Supplied material below:
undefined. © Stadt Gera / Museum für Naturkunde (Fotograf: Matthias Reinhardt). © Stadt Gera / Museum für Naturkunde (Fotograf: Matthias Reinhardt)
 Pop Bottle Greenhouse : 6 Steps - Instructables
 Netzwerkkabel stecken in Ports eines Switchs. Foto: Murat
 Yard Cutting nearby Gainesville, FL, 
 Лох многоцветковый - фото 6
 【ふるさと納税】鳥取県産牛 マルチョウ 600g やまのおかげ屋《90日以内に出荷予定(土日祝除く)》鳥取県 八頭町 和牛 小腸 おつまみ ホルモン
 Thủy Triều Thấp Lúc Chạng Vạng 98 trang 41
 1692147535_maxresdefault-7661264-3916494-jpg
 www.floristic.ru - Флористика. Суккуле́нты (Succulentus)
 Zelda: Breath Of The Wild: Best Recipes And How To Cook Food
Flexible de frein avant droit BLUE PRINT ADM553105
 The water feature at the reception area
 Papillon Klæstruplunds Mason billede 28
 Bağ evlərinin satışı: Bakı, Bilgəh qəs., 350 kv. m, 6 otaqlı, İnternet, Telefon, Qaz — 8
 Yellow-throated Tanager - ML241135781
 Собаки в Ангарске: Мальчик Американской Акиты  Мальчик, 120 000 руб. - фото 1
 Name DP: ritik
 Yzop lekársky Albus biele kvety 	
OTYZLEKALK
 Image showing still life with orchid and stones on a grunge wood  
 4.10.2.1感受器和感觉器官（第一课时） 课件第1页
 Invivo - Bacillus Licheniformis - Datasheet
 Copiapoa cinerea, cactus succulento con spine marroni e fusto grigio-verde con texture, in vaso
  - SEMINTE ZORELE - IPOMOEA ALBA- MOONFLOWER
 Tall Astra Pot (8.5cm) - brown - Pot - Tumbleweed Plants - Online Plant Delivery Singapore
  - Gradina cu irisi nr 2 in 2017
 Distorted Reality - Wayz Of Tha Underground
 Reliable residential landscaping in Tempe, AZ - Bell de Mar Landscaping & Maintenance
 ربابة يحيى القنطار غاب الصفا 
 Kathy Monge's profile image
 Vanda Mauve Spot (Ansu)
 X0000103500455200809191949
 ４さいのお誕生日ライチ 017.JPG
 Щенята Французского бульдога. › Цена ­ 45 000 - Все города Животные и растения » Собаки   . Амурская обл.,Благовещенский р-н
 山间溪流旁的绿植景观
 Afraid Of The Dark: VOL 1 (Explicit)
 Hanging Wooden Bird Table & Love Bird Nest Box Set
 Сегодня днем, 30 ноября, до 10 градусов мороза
End of Supplied material.
What you have to do: Would you please set down the lines from the one with "- Gradina cu irisi nr 2 in 2017" to the end of the data above, exactly and without any other lines?

Written solution:
  - Gradina cu irisi nr 2 in 2017
 Distorted Reality - Wayz Of Tha Underground
 Reliable residential landscaping in Tempe, AZ - Bell de Mar Landscaping & Maintenance
 ربابة يحيى القنطار غاب الصفا 
 Kathy Monge's profile image
 Vanda Mauve Spot (Ansu)
 X0000103500455200809191949
 ４さいのお誕生日ライチ 017.JPG
 Щенята Французского бульдога. › Цена ­ 45 000 - Все города Животные и растения » Собаки   . Амурская обл.,Благовещенский р-н
 山间溪流旁的绿植景观
 Afraid Of The Dark: VOL 1 (Explicit)
 Hanging Wooden Bird Table & Love Bird Nest Box Set
 Сегодня днем, 30 ноября, до 10 градусов мороза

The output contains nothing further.